### Problem description
When you copy the listing, skip the images and return each line verbatim.

### Dataset content
—————
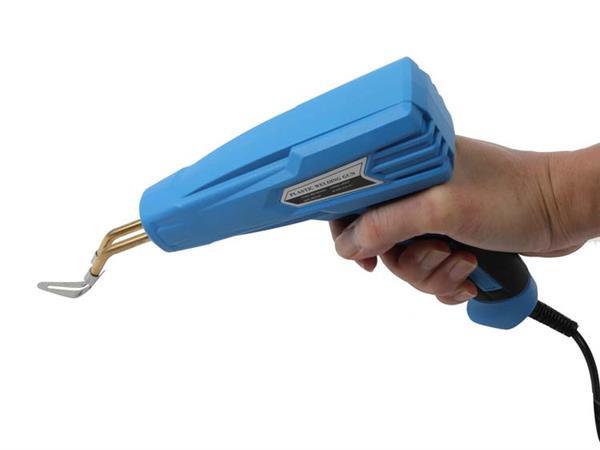 Grote foto kunststof plastic laspistool blauw auto onderdelen auto gereedschap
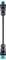 A black, long valved adapter with turquoise accents at both ends, for liquid connections.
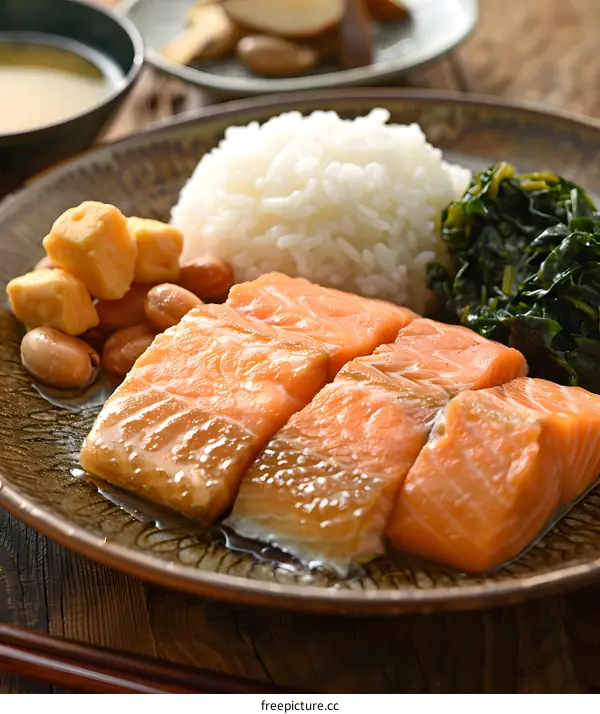 Salmon Teriyaki with Rice and Vegetables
—————
### Solution to this exercise
 Grote foto kunststof plastic laspistool blauw auto onderdelen auto gereedschap
 A black, long valved adapter with turquoise accents at both ends, for liquid connections.
 Salmon Teriyaki with Rice and Vegetables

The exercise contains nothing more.